*Task statement*: The expected output is exactly the lines below, starting at the line with "Aerial view of" and ending at the line with "Two's Company Frosted", both included; no other line belongs in it.

____ The input

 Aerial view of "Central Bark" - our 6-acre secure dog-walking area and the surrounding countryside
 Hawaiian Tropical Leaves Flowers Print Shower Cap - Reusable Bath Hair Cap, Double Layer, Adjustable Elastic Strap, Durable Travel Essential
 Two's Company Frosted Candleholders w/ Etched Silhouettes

________
____ The input

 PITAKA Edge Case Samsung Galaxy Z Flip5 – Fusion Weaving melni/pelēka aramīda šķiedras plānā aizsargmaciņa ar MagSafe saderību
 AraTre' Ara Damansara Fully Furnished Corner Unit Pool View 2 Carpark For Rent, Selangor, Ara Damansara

________
____ The input

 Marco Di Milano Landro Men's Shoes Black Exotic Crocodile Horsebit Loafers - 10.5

________

*Solution to this problem*:
 Aerial view of "Central Bark" - our 6-acre secure dog-walking area and the surrounding countryside
 Hawaiian Tropical Leaves Flowers Print Shower Cap - Reusable Bath Hair Cap, Double Layer, Adjustable Elastic Strap, Durable Travel Essential
 Two's Company Frosted Candleholders w/ Etched Silhouettes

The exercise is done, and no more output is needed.